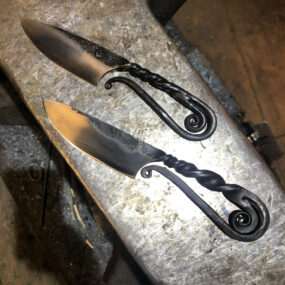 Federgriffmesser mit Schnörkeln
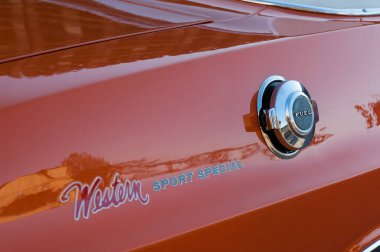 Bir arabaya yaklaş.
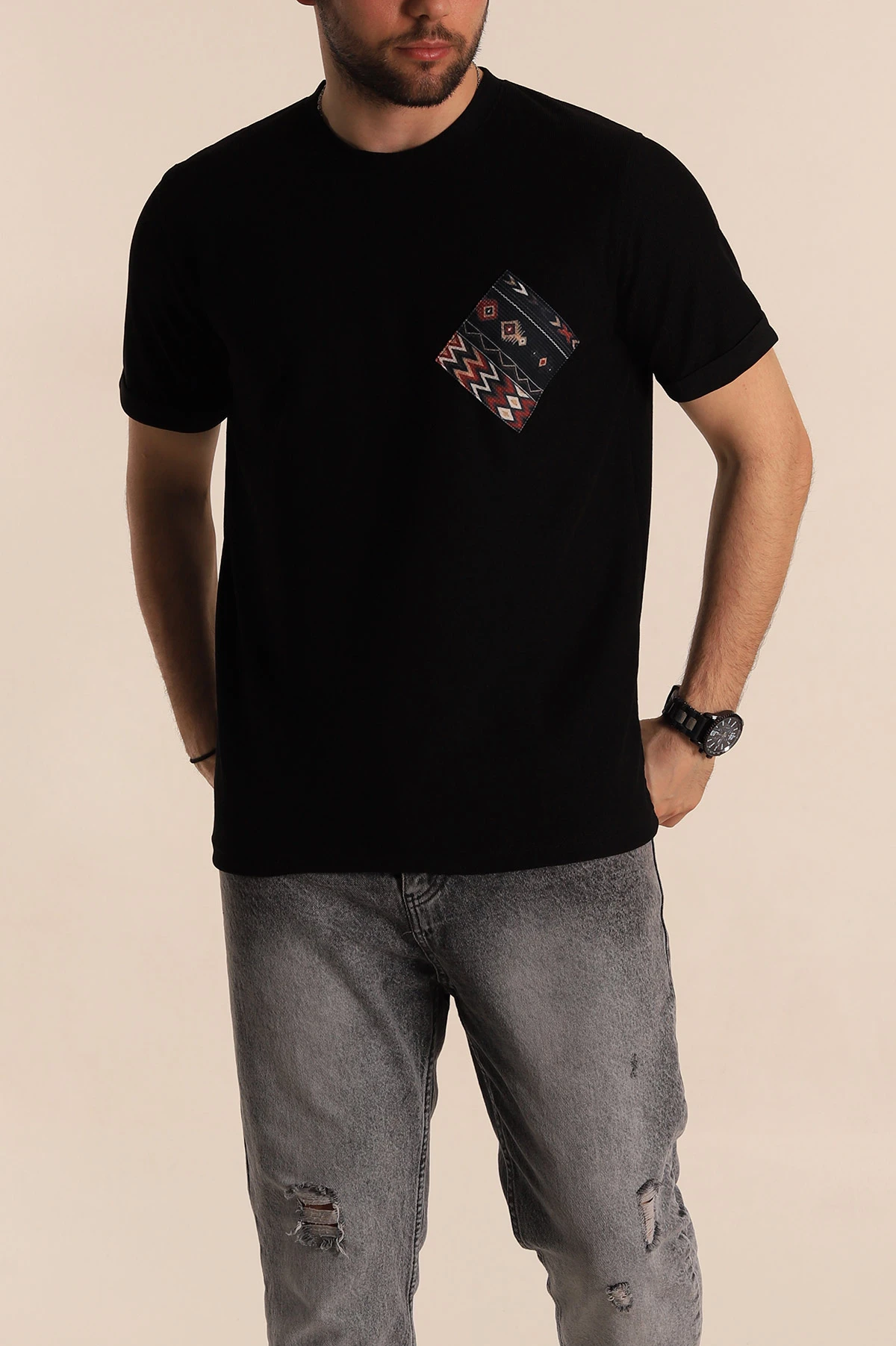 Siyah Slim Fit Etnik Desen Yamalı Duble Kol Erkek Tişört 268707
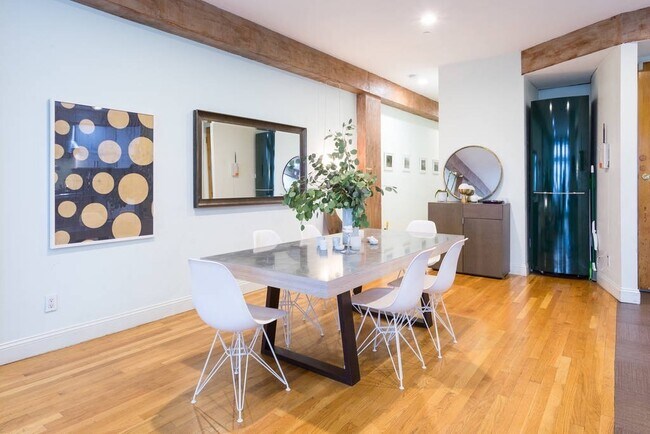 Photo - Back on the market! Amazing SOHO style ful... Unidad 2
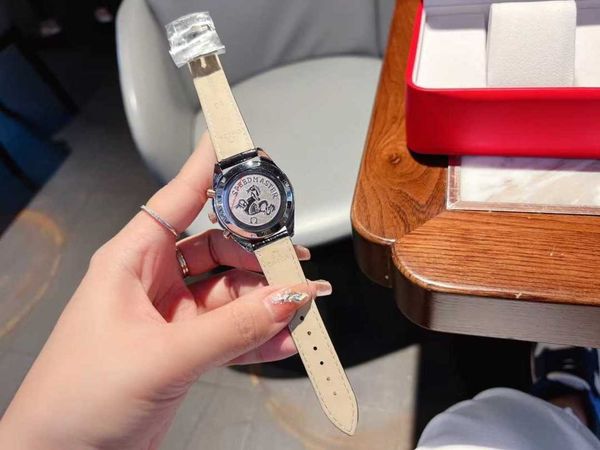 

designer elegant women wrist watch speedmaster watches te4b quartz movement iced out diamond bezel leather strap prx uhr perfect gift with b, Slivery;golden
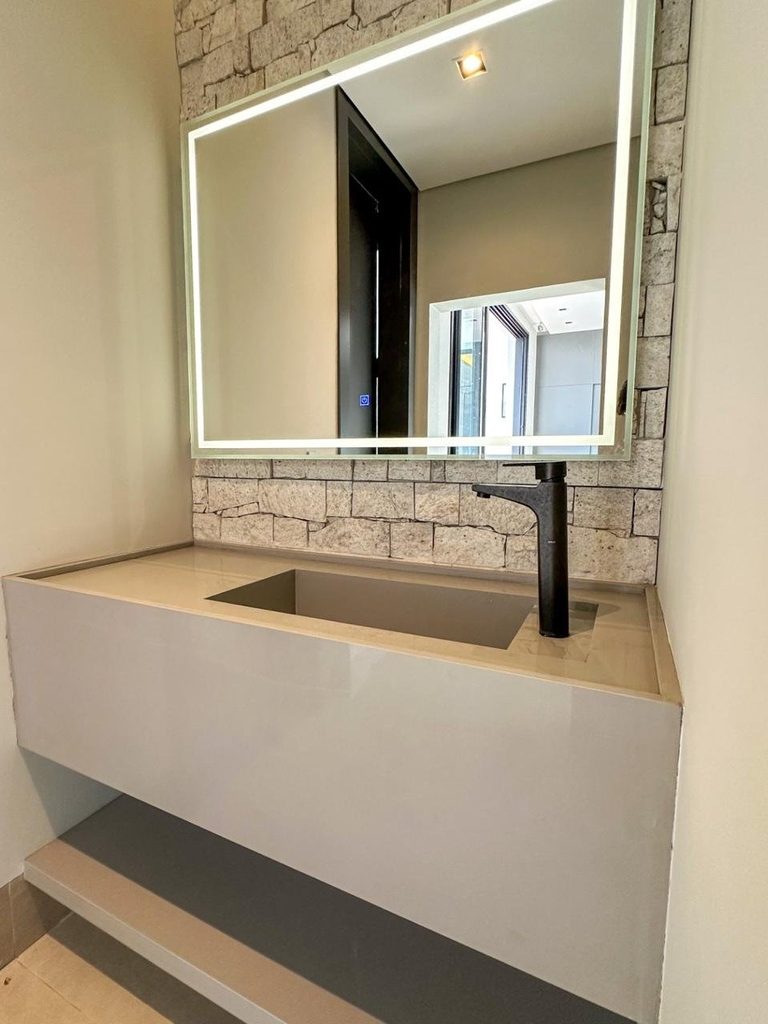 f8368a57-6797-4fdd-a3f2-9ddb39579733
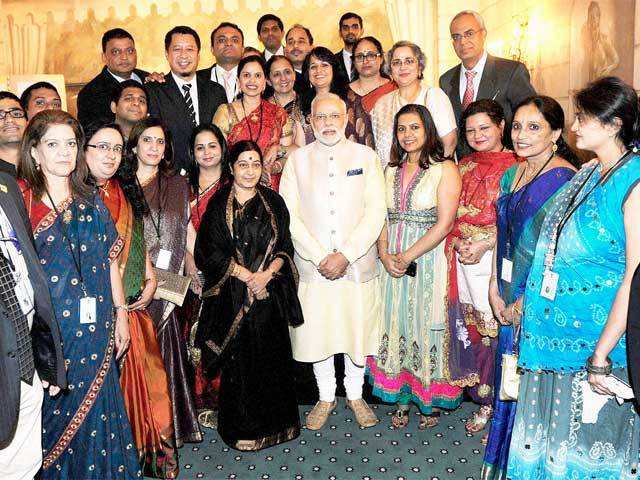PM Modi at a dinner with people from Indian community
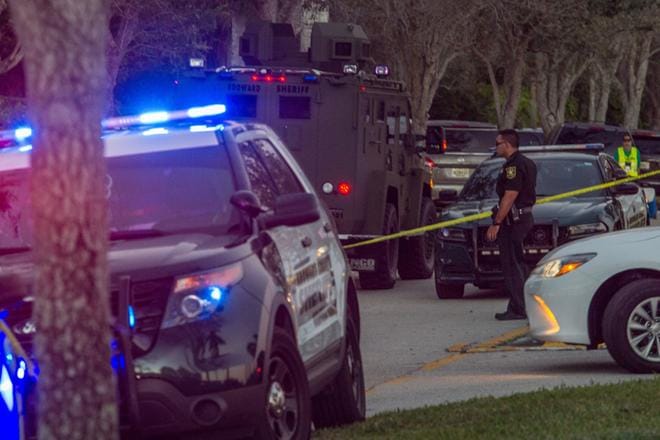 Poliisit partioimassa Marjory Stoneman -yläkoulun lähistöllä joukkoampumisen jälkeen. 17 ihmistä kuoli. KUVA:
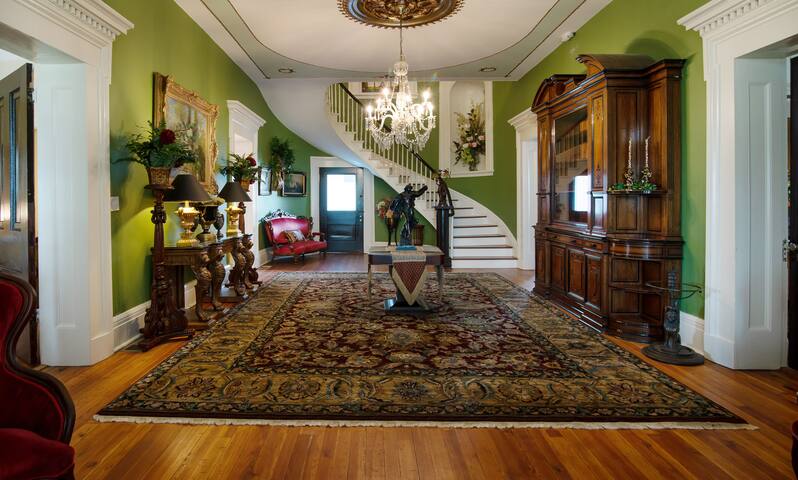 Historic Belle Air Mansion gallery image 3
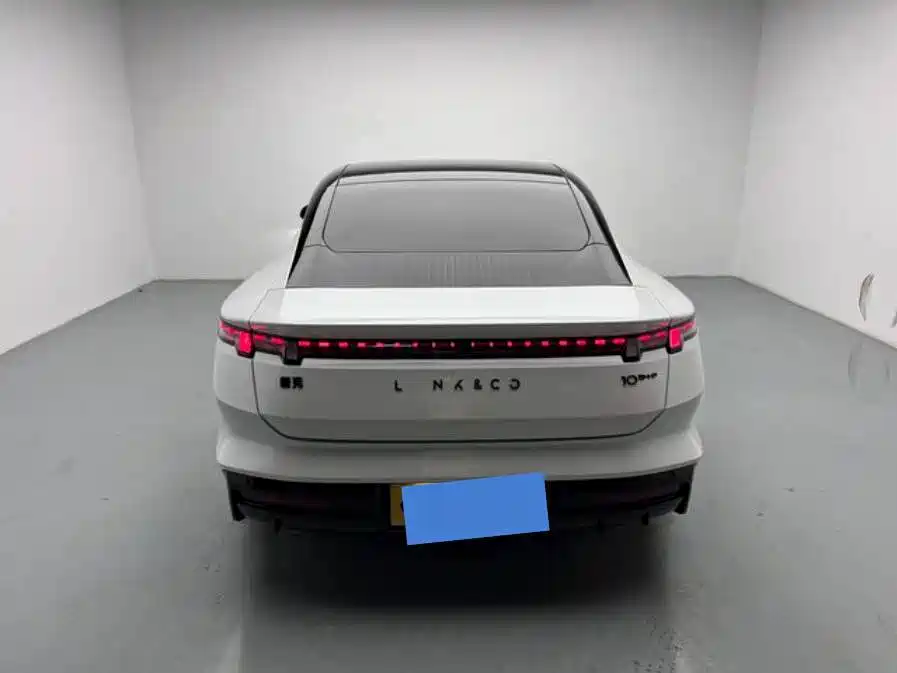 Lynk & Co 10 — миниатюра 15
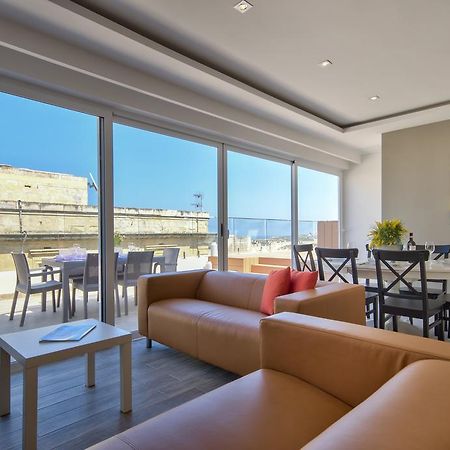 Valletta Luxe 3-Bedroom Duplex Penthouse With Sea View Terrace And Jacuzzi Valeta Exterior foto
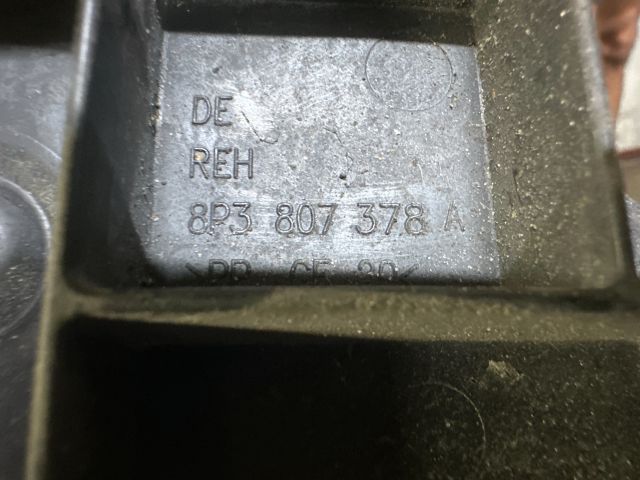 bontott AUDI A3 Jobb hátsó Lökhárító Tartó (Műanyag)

=-=-=-=-=

### TASK DETAILS
Give back each entry verbatim but drop its pictures.

### RESULT BELOW
 Federgriffmesser mit Schnörkeln
 Bir arabaya yaklaş.
 Siyah Slim Fit Etnik Desen Yamalı Duble Kol Erkek Tişört 268707
 Photo - Back on the market! Amazing SOHO style ful... Unidad 2

designer elegant women wrist watch speedmaster watches te4b quartz movement iced out diamond bezel leather strap prx uhr perfect gift with b, Slivery;golden
 f8368a57-6797-4fdd-a3f2-9ddb39579733
PM Modi at a dinner with people from Indian community
 Poliisit partioimassa Marjory Stoneman -yläkoulun lähistöllä joukkoampumisen jälkeen. 17 ihmistä kuoli. KUVA:
 Historic Belle Air Mansion gallery image 3
 Lynk & Co 10 — миниатюра 15
 Valletta Luxe 3-Bedroom Duplex Penthouse With Sea View Terrace And Jacuzzi Valeta Exterior foto
 bontott AUDI A3 Jobb hátsó Lökhárító Tartó (Műanyag)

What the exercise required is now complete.